There are two reasons why right now is perfect time to be telling you about Nisha Coleman's Busker: Stories from the Streets of Paris. One is that we're focusing on oddballs and misfits this month here at 49th Shelf, in this misfit month with its 29 days, and Coleman encounters so many of these characters during her time busking in Paris living on the city's cultural fringes. And the second is that Valentines Day is on the horizon, and Coleman's memoir shows the City of Love like you've never seen it before. Busker is also very much a love story in its own right—just not the kind you're probably used to.
Kerry Clare: There are so many compelling bits of your memoir, and one of them for me is the way you write about loneliness of your life in Paris in the beginning, about your longing for just an ordinary friend. You meet so many characters in your daily life—the man with the moustache, the guy with the sex songs, Michel the kisser. Was there really such a dearth of ordinary folks? Are they just not approachable? Is normal too boring to write about? Is there such a thing as normal at all?
Nisha Coleman: I don't believe in normal! I longed for an ordinary friend, but not a normal one. What I lacked in Paris was the kind of closeness that lets you relax in that special way where you laugh unhindered and speak without filters and forget yourself. Always meeting new people and being in survival mode was just a little too engaged for that. I was always very aware of myself and the person I was talking to, figuring out who they were, and what they wanted. The characters who stopped to talk to me often had an agenda, and I was very aware of that too. This led to some interesting situations, but there is something to be said about the kind of relationship when you can text, "Damn, I want a brownie!" to someone, just because. That's the beauty of banality. I lacked that casualness in Paris in the beginning. And there were moments when this fact was a painful one and even though I was surrounded by people, I was terribly lonely.
KC: As a busker, you become part of the scene, the streetscape, which is strange because you were so much an outsider in every other way. How do you reconcile this paradox? Do you ever think about the innumerable tourist photos in which you appear?
NC: Busking was my way of taking possession of the city, of feeling like I belonged there in some way. When I played, I was part of the city, and most of the tourists would think I was Parisian. Naturally. And I liked that. They would ask me for directions to the Metro in broken French and I would reply in French. When I was in busking mode, I belonged in the place I was playing and it was a great feeling. Of course, all that could end in a second—if the police stopped me, or someone yelled at me to get lost. And that's one the reasons getting kicked out of places was so hard. It really jolted me. All of sudden I lost my belonging badge and I would be devastated for a little while, until the feeling passed and I would get the courage to try another spot.

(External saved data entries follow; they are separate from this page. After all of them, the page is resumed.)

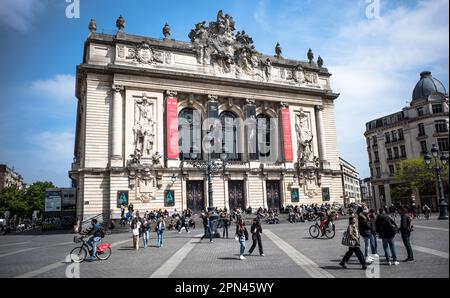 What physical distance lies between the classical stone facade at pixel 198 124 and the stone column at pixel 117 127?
0.36ft

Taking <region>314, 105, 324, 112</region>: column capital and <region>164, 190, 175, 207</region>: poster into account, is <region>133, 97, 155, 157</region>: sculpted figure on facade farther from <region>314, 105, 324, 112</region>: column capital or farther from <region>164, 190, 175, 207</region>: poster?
<region>314, 105, 324, 112</region>: column capital

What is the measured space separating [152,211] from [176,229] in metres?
4.50

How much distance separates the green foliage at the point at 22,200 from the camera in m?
60.5

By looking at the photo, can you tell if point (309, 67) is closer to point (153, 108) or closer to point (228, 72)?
point (228, 72)

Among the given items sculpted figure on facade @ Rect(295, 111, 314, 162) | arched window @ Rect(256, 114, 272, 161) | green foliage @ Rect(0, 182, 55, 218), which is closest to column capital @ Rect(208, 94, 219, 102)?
arched window @ Rect(256, 114, 272, 161)

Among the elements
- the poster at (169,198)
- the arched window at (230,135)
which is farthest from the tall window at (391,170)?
the poster at (169,198)

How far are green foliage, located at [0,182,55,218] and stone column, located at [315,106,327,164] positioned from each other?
56.7 meters

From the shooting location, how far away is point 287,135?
3888cm

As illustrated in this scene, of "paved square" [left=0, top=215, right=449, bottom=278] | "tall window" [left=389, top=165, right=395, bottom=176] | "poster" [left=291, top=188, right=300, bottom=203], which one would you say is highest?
"tall window" [left=389, top=165, right=395, bottom=176]

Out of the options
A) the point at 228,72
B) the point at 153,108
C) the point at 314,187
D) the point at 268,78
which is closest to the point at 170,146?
the point at 153,108

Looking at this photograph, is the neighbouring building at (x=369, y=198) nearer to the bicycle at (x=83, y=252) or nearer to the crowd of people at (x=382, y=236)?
the crowd of people at (x=382, y=236)

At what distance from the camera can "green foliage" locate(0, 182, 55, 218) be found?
60531 mm

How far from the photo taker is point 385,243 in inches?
357

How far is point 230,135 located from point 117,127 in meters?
13.1
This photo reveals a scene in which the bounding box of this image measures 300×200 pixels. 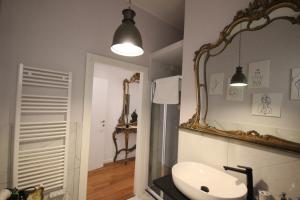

I do think of all the tourist photos. I find them online sometimes. And I imagine people looking back on their Paris trip, decades in the future, and seeing that photo of a young girl with the violin under the archways at Place des Vosges and they may never know my story. But it doesn't matter. Because part of what I was doing was playing a small role in their story.
KC: Were there books you read to prepare for writing this one? Books that were influences? I’m thinking Paris books and ex-pat stories. Mavis Gallant? (I love the bookshelf in your Paris apartment that just happens to feature the manifesto of metaphysical violin method, Le violon interior, by Dominique Hoppenot. Book happenstance is magic….)
NC: I stayed away from French themed memoirs because I didn't want to be influenced by other people's experiences in Paris. I did read Mavis Gallant's work, but that's because she was such a great writer, a must-read for anyone. I knew where she lived in Paris and once I toyed with the idea of just ringing her bell. I was on her street, hesitating and hesitating, and someone stopped to ask if I was lost. In the end, I didn't ring her bell. I just walked around her neighbourhood. I should have rung her bell.
I did read many memoirs, though. Mary Karr's three memoirs, for example. Isabel Huggan's Belonging. Emily Carr's journals. Evelyn Lau's Runaway. Augusten Burroughs' Running with Scissors. Almost everything by David Sedaris. Joan Didion's The Year of Magical Thinking. All of these books were teachers. Each author had lived very different things, and it was helpful to experience the range of voices and see how each writer dealt with things like flashbacks and timelines. You can't build a memoir the way you can a novel, with a clean arc. Life just doesn't allow for that, and yet you have to find a way to link all the chaos together somehow.